If only the intellectual center is examined, with the sole purpose of discovering the vocational attitudes of a specific individual—besides committing a grave injustice that factually becomes a serious damage to the individual and to society—another error is incurred, because the vocational source seeds are not only contained in the intellectual center, but also within each one of the other four psycho-physiological centers of the individual.

The only logical path to discover the authentic vocation of pupils is true love.

Thus, if parents and teachers, by mutual agreement, join together to investigate at home and at school, to observe, in detail, all the actions of the students, then they would able to discover the innate tendencies of each student.

So, this is the only logical path that will allow parents and teachers to discover the vocational sense of students.

This demands true love from parents and teachers, thus it is obvious that if true love does not exist within the parents, and if there are no authentic vocational teachers who are capable of truly sacrificing themselves for their disciples, then such an enterprise is impractical.

If governments truly want to save society, then they need to expel the merchants from the temple with the whip of willpower.

A new cultural age must be initiated by diffusing everywhere the doctrine of the fundamental education.

Students must defend their rights courageously and demand from governments true vocational teachers. Fortunately, there exists the formidable weapon of strikes, and students have this weapon.

In some countries, within schools, colleges, and universities, there already exist guidance counselors who are not truly in their own vocation; because the position that they occupy does not coincide with their innate tendencies. Therefore, how can these teachers orientate the students if they were unable to orientate themselves?

True vocational teachers capable of intelligently guiding students are urgently needed.

It is necessary to know that because of the plurality of the “I,” the human being automatically plays diverse roles in the theater of life.
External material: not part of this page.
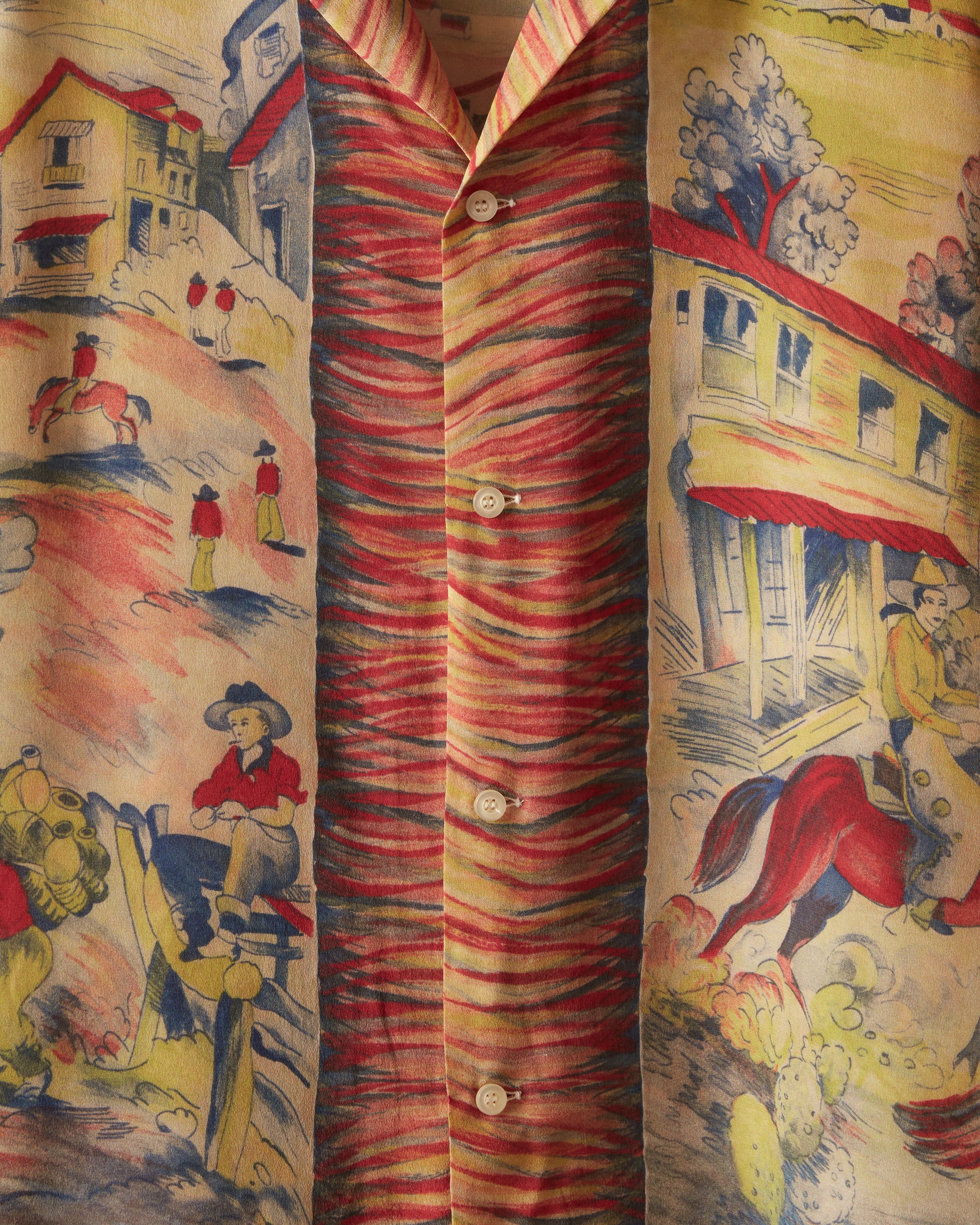 Pampa Pony Short Sleeve Shirt - Image 2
The youngsters perform a role at school, another at the street, and another at home.

Therefore, if we want to discover the vocation of a young person, then they need to be observed at school, at home, and even in the street.

This work of observation can only be performed by the youngster’s parents and true teachers in intimate partnership.

Within the antiquated pedagogy there also exists the system of observing grades in order to deduce vocation. Thus, the student that excels with the highest grades in civics is then classified as a possible lawyer, and the one who excels in biology is defined as a potential physician, and the one who excels in mathematics as a possible engineer. However, this system to deduce vocations is absurd: it is extremely empirical, because the mind has its highs and lows, not only in its already known vigil state, but also in certain, unknown particular, special states.

Many writers who at school were terrible students of grammar excelled in life as true masters of the language. Many noteworthy engineers always had the worst grade in mathematics at school, and multitudes of physicians failed in biology and natural sciences at school.

It is unfortunate that many parents—instead of studying their children’s aptitudes—only see in them the continuation of their ego, their beloved psychological “I,” their “myself.”

Many parents who are lawyers want their children to continue at the lawyer’s desk, and many business owners want their children to continue handling their egotistical interests without caring a bit for the vocational sense of their children.

The “I” always wants to ascend, to climb to the top of the ladder in order to boast about himself, thus when the ambitions of the “I” of the parents fail, it wants then, through their offspring, to attain the ambitions that they could not attain themselves. These ambitious parents place their children into careers and positions that have nothing to do with their children’s vocational sense.